(Beginning of Entries provided)

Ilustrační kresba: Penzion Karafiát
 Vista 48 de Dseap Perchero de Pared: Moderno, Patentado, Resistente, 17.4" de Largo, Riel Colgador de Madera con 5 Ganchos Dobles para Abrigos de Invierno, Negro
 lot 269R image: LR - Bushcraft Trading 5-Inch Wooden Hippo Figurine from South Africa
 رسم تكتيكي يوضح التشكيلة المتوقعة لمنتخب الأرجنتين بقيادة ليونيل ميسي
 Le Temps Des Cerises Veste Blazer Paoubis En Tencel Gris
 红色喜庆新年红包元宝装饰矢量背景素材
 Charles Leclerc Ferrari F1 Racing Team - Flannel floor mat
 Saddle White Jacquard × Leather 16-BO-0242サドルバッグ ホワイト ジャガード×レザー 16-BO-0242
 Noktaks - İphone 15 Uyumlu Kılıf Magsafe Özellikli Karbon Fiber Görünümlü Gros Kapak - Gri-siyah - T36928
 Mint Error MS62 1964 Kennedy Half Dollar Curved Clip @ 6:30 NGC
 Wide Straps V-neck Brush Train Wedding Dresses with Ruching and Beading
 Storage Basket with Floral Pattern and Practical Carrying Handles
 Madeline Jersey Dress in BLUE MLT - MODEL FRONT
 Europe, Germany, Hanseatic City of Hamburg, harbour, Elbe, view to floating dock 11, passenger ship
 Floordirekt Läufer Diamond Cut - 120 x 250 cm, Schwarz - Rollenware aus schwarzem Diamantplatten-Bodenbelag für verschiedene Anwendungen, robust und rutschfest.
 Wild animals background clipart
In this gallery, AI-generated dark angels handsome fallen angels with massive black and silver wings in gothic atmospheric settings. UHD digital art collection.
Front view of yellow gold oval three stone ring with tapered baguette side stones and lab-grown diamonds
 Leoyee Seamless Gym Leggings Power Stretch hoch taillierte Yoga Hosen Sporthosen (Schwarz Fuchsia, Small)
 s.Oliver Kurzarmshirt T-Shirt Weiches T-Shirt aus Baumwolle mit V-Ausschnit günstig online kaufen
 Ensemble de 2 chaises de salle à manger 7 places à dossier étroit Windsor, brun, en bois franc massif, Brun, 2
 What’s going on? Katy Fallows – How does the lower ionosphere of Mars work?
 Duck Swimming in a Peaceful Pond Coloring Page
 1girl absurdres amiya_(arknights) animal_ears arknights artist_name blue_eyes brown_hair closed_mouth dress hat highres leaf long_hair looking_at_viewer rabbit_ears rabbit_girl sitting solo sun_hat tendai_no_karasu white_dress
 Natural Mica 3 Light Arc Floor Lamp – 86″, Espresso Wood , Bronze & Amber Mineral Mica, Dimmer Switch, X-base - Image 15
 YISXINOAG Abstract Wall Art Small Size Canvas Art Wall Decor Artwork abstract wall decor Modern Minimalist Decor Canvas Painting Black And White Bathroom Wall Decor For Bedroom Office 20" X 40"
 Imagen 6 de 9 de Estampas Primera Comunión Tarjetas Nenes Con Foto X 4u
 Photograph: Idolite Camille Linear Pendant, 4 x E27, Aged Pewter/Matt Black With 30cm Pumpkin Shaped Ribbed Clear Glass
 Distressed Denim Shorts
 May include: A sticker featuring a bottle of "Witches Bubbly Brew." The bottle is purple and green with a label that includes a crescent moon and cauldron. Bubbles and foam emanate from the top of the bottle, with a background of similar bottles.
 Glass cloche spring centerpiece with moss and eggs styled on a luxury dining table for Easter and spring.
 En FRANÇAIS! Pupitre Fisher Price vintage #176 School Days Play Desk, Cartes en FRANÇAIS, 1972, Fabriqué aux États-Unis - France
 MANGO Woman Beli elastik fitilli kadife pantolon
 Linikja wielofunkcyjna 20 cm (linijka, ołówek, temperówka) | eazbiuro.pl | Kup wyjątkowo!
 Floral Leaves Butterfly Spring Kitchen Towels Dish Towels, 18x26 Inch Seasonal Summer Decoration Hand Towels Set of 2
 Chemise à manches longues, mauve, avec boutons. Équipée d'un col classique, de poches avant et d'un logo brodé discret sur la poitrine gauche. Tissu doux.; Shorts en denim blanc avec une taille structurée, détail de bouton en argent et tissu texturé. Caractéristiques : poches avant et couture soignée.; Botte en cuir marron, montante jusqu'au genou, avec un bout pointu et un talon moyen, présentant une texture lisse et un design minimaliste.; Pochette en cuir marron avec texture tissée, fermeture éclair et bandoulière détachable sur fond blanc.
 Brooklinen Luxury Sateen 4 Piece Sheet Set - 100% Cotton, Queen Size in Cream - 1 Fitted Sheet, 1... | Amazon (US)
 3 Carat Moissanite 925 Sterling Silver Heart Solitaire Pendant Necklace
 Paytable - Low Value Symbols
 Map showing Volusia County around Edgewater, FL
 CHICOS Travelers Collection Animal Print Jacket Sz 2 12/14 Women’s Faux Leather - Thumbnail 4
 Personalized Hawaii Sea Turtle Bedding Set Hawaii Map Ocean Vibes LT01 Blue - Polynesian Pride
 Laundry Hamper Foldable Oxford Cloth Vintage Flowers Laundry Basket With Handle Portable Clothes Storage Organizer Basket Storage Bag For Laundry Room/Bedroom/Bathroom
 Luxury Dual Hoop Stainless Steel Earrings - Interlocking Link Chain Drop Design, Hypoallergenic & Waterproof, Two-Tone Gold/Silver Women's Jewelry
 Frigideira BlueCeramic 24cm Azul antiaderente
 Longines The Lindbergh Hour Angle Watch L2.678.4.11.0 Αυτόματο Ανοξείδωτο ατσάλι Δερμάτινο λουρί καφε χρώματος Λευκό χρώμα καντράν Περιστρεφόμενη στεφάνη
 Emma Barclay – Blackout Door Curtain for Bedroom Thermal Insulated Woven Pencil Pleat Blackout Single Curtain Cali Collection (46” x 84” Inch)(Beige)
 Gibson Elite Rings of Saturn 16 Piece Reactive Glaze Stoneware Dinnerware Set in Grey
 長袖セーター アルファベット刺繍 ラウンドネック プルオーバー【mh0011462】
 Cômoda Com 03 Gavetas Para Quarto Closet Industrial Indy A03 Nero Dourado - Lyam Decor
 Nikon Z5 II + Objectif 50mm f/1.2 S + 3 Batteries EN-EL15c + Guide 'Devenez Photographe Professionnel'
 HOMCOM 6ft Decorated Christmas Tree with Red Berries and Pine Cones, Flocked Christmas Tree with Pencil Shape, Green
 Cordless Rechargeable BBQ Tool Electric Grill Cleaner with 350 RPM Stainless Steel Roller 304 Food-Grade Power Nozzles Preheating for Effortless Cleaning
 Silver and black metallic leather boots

(End of Entries provided)

What you should do is return the records above exactly, leaving nothing out.

(Task solution):
Ilustrační kresba: Penzion Karafiát
 Vista 48 de Dseap Perchero de Pared: Moderno, Patentado, Resistente, 17.4" de Largo, Riel Colgador de Madera con 5 Ganchos Dobles para Abrigos de Invierno, Negro
 lot 269R image: LR - Bushcraft Trading 5-Inch Wooden Hippo Figurine from South Africa
 رسم تكتيكي يوضح التشكيلة المتوقعة لمنتخب الأرجنتين بقيادة ليونيل ميسي
 Le Temps Des Cerises Veste Blazer Paoubis En Tencel Gris
 红色喜庆新年红包元宝装饰矢量背景素材
 Charles Leclerc Ferrari F1 Racing Team - Flannel floor mat
 Saddle White Jacquard × Leather 16-BO-0242サドルバッグ ホワイト ジャガード×レザー 16-BO-0242
 Noktaks - İphone 15 Uyumlu Kılıf Magsafe Özellikli Karbon Fiber Görünümlü Gros Kapak - Gri-siyah - T36928
 Mint Error MS62 1964 Kennedy Half Dollar Curved Clip @ 6:30 NGC
 Wide Straps V-neck Brush Train Wedding Dresses with Ruching and Beading
 Storage Basket with Floral Pattern and Practical Carrying Handles
 Madeline Jersey Dress in BLUE MLT - MODEL FRONT
 Europe, Germany, Hanseatic City of Hamburg, harbour, Elbe, view to floating dock 11, passenger ship
 Floordirekt Läufer Diamond Cut - 120 x 250 cm, Schwarz - Rollenware aus schwarzem Diamantplatten-Bodenbelag für verschiedene Anwendungen, robust und rutschfest.
 Wild animals background clipart
In this gallery, AI-generated dark angels handsome fallen angels with massive black and silver wings in gothic atmospheric settings. UHD digital art collection.
Front view of yellow gold oval three stone ring with tapered baguette side stones and lab-grown diamonds
 Leoyee Seamless Gym Leggings Power Stretch hoch taillierte Yoga Hosen Sporthosen (Schwarz Fuchsia, Small)
 s.Oliver Kurzarmshirt T-Shirt Weiches T-Shirt aus Baumwolle mit V-Ausschnit günstig online kaufen
 Ensemble de 2 chaises de salle à manger 7 places à dossier étroit Windsor, brun, en bois franc massif, Brun, 2
 What’s going on? Katy Fallows – How does the lower ionosphere of Mars work?
 Duck Swimming in a Peaceful Pond Coloring Page
 1girl absurdres amiya_(arknights) animal_ears arknights artist_name blue_eyes brown_hair closed_mouth dress hat highres leaf long_hair looking_at_viewer rabbit_ears rabbit_girl sitting solo sun_hat tendai_no_karasu white_dress
 Natural Mica 3 Light Arc Floor Lamp – 86″, Espresso Wood , Bronze & Amber Mineral Mica, Dimmer Switch, X-base - Image 15
 YISXINOAG Abstract Wall Art Small Size Canvas Art Wall Decor Artwork abstract wall decor Modern Minimalist Decor Canvas Painting Black And White Bathroom Wall Decor For Bedroom Office 20" X 40"
 Imagen 6 de 9 de Estampas Primera Comunión Tarjetas Nenes Con Foto X 4u
 Photograph: Idolite Camille Linear Pendant, 4 x E27, Aged Pewter/Matt Black With 30cm Pumpkin Shaped Ribbed Clear Glass
 Distressed Denim Shorts
 May include: A sticker featuring a bottle of "Witches Bubbly Brew." The bottle is purple and green with a label that includes a crescent moon and cauldron. Bubbles and foam emanate from the top of the bottle, with a background of similar bottles.
 Glass cloche spring centerpiece with moss and eggs styled on a luxury dining table for Easter and spring.
 En FRANÇAIS! Pupitre Fisher Price vintage #176 School Days Play Desk, Cartes en FRANÇAIS, 1972, Fabriqué aux États-Unis - France
 MANGO Woman Beli elastik fitilli kadife pantolon
 Linikja wielofunkcyjna 20 cm (linijka, ołówek, temperówka) | eazbiuro.pl | Kup wyjątkowo!
 Floral Leaves Butterfly Spring Kitchen Towels Dish Towels, 18x26 Inch Seasonal Summer Decoration Hand Towels Set of 2
 Chemise à manches longues, mauve, avec boutons. Équipée d'un col classique, de poches avant et d'un logo brodé discret sur la poitrine gauche. Tissu doux.; Shorts en denim blanc avec une taille structurée, détail de bouton en argent et tissu texturé. Caractéristiques : poches avant et couture soignée.; Botte en cuir marron, montante jusqu'au genou, avec un bout pointu et un talon moyen, présentant une texture lisse et un design minimaliste.; Pochette en cuir marron avec texture tissée, fermeture éclair et bandoulière détachable sur fond blanc.
 Brooklinen Luxury Sateen 4 Piece Sheet Set - 100% Cotton, Queen Size in Cream - 1 Fitted Sheet, 1... | Amazon (US)
 3 Carat Moissanite 925 Sterling Silver Heart Solitaire Pendant Necklace
 Paytable - Low Value Symbols
 Map showing Volusia County around Edgewater, FL
 CHICOS Travelers Collection Animal Print Jacket Sz 2 12/14 Women’s Faux Leather - Thumbnail 4
 Personalized Hawaii Sea Turtle Bedding Set Hawaii Map Ocean Vibes LT01 Blue - Polynesian Pride
 Laundry Hamper Foldable Oxford Cloth Vintage Flowers Laundry Basket With Handle Portable Clothes Storage Organizer Basket Storage Bag For Laundry Room/Bedroom/Bathroom
 Luxury Dual Hoop Stainless Steel Earrings - Interlocking Link Chain Drop Design, Hypoallergenic & Waterproof, Two-Tone Gold/Silver Women's Jewelry
 Frigideira BlueCeramic 24cm Azul antiaderente
 Longines The Lindbergh Hour Angle Watch L2.678.4.11.0 Αυτόματο Ανοξείδωτο ατσάλι Δερμάτινο λουρί καφε χρώματος Λευκό χρώμα καντράν Περιστρεφόμενη στεφάνη
 Emma Barclay – Blackout Door Curtain for Bedroom Thermal Insulated Woven Pencil Pleat Blackout Single Curtain Cali Collection (46” x 84” Inch)(Beige)
 Gibson Elite Rings of Saturn 16 Piece Reactive Glaze Stoneware Dinnerware Set in Grey
 長袖セーター アルファベット刺繍 ラウンドネック プルオーバー【mh0011462】
 Cômoda Com 03 Gavetas Para Quarto Closet Industrial Indy A03 Nero Dourado - Lyam Decor
 Nikon Z5 II + Objectif 50mm f/1.2 S + 3 Batteries EN-EL15c + Guide 'Devenez Photographe Professionnel'
 HOMCOM 6ft Decorated Christmas Tree with Red Berries and Pine Cones, Flocked Christmas Tree with Pencil Shape, Green
 Cordless Rechargeable BBQ Tool Electric Grill Cleaner with 350 RPM Stainless Steel Roller 304 Food-Grade Power Nozzles Preheating for Effortless Cleaning
 Silver and black metallic leather boots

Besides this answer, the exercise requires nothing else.